Of all the things which could be written about Trail of the Dead, the one thing that could not be written about the band is that they are boring subject matter. They are not one of those bands that stands there and just plays their instruments. Frontman Conrad Keely lamented into the microphone, jugular veins popping, open mouthed and face scrunched, Jamie Miller's cymbals didn't come up for air, and Reece jumped and swung his arms around the strings of his guitar. The band doesn't write boring songs either. Their second song, "Spinal Jetty," was a dark Alice in Wonderland meets Chronicles of Narnia journey of "falling down through a hole in the ground/let[ting] the minute men carry you back to the winter queen's home". The song is not lyrically sparse on the band's new release Tao of the Dead, but it seemed to be so live as the three stringed members rocked out to one another for extended periods of time. All three moving back to their microphones only scream choruses into them in unison.

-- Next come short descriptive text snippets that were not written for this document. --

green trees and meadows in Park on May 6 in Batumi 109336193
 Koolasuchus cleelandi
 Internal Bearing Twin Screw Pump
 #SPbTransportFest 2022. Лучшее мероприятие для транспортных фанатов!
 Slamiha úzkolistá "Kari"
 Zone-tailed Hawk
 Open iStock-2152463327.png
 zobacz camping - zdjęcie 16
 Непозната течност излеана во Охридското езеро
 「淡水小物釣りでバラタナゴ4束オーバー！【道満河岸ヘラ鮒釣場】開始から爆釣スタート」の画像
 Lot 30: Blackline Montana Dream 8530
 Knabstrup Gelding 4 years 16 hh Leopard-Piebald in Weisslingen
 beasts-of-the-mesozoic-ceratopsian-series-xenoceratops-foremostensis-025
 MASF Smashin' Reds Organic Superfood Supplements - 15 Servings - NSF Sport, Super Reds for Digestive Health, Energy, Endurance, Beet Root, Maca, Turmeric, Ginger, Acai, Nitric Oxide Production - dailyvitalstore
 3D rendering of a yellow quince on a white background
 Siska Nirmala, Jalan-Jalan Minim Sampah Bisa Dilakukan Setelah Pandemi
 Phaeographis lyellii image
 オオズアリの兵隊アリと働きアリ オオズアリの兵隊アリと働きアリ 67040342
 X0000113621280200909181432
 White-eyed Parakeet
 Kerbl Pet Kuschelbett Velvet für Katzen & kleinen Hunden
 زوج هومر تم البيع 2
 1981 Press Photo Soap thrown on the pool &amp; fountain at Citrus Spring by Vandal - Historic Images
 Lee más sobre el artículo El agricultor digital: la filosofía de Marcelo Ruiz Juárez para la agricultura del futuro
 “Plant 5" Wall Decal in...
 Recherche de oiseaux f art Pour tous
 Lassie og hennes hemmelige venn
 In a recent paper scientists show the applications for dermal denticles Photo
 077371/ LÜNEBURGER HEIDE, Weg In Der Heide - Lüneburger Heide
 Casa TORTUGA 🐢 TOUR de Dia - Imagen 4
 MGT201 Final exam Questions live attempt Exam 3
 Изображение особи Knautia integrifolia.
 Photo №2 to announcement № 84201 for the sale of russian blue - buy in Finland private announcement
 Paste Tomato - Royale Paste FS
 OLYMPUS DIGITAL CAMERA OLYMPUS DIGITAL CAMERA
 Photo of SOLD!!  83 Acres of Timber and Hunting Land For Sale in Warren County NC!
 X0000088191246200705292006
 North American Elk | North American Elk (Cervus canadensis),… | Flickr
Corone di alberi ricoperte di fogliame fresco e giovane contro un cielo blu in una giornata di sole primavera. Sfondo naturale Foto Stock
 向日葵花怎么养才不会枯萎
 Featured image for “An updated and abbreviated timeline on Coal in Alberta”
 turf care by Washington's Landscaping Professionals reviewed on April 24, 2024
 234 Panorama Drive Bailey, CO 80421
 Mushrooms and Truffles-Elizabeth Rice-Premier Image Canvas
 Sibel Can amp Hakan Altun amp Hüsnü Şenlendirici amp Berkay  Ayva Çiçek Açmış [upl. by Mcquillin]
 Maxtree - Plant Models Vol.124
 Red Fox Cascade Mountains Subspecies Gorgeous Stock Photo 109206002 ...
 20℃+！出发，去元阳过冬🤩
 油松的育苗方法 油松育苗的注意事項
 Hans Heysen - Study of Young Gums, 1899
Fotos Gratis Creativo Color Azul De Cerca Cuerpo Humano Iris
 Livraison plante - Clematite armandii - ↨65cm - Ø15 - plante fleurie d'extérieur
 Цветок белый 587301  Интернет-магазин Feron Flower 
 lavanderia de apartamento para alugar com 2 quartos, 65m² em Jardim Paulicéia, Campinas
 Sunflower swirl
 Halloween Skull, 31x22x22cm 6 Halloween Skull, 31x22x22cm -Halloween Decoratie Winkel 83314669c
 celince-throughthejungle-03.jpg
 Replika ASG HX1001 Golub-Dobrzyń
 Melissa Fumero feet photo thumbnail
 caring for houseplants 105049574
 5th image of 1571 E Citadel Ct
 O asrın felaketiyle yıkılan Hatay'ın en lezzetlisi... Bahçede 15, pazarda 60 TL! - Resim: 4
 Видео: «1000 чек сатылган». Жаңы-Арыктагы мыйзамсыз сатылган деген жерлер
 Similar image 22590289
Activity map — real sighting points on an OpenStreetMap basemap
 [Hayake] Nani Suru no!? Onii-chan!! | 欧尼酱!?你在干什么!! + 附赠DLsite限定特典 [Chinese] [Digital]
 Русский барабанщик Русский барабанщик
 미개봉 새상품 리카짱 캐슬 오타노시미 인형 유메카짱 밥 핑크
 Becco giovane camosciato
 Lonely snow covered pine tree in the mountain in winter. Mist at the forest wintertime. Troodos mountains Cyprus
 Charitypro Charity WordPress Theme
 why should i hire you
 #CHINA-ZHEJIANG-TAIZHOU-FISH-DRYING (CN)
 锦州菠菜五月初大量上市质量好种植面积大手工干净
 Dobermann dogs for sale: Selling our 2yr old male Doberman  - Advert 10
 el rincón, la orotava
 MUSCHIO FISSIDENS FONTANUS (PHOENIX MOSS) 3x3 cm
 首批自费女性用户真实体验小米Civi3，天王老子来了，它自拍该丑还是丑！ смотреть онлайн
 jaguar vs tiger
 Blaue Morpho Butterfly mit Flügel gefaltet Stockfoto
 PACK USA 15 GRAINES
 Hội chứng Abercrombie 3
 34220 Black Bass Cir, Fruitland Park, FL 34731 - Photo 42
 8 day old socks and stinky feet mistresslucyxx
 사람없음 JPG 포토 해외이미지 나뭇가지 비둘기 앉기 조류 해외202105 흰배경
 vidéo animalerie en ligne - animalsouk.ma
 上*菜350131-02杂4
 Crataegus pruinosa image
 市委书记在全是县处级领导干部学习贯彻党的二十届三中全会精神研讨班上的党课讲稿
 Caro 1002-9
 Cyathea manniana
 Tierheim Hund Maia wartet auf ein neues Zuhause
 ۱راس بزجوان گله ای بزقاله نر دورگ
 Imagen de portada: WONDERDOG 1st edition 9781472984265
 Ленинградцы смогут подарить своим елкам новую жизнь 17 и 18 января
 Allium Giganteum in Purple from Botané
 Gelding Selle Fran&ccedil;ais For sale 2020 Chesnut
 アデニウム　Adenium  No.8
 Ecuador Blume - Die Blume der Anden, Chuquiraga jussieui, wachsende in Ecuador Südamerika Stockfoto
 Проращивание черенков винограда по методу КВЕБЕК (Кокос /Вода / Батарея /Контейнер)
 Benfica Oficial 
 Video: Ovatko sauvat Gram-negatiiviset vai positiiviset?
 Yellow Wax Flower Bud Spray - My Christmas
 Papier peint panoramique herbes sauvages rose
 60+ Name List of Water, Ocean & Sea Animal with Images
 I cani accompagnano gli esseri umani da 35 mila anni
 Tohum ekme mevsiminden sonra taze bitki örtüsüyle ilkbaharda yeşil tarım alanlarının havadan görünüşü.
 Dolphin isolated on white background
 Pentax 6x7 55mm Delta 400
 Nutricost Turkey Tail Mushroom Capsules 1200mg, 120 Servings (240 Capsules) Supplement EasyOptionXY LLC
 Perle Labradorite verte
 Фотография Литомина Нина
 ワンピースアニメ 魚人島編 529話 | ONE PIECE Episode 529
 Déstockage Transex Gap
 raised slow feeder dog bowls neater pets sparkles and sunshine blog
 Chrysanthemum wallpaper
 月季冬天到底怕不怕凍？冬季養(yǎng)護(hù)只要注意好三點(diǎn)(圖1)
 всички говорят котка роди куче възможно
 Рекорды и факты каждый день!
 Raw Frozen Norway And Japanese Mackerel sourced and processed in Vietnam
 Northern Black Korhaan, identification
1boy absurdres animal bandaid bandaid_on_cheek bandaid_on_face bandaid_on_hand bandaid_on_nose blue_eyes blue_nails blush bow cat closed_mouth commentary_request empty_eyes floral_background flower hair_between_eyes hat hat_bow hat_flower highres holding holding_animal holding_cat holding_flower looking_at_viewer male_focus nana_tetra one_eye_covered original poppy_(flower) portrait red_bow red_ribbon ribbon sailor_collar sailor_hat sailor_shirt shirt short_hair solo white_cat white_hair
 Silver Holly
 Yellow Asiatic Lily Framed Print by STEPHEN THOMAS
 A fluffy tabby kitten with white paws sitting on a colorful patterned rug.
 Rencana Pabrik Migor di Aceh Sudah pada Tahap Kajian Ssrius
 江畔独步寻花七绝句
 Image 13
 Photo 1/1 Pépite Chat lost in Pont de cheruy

Reece took over vocals on "Weight of the Sun" while the Jamie Miller's bass drum reverberated from the force of the beating the rest of the kit was taking. By "Smile Again" Keely's guitar gave up and lost a string. The guys also took a break from the heaviness to play what Reece announced as their "positive uplifting track", "Caterwaul". At some point during "Caterwaul," Reece ended up in the middle of the crowd while the guitar tech took his place, and guitar, on stage. From there on the stage was filled with musical instruments — sweat flinging off in different directions. Miller took up the guitars. Reece took over the drums. Miller took over the vocals. Which was about the time Keely's second guitar string decided it couldn't go on; it broke part way into "Totally Natural". Luckily, no instruments were seriously harmed. (Although Reece kicked over the bass drum and Fulbright knocked over an amp before they walked off stage.)
Techs once again took over the stage, setting instruments upright and changing out the guitars for co-headliner Surfer Blood. As predicted, the Trail of the Dead crowd disappeared as quickly as the band did which made way for new first, second and third rows of fans. Lead singer and the so-called band mastermind, John Paul Pitts took the stage with "Leave it To Beaver" hair and blue checked shirt. Instantly the Bottom Lounge became a little more wholesome (except for the casual lyrical references to cocaine).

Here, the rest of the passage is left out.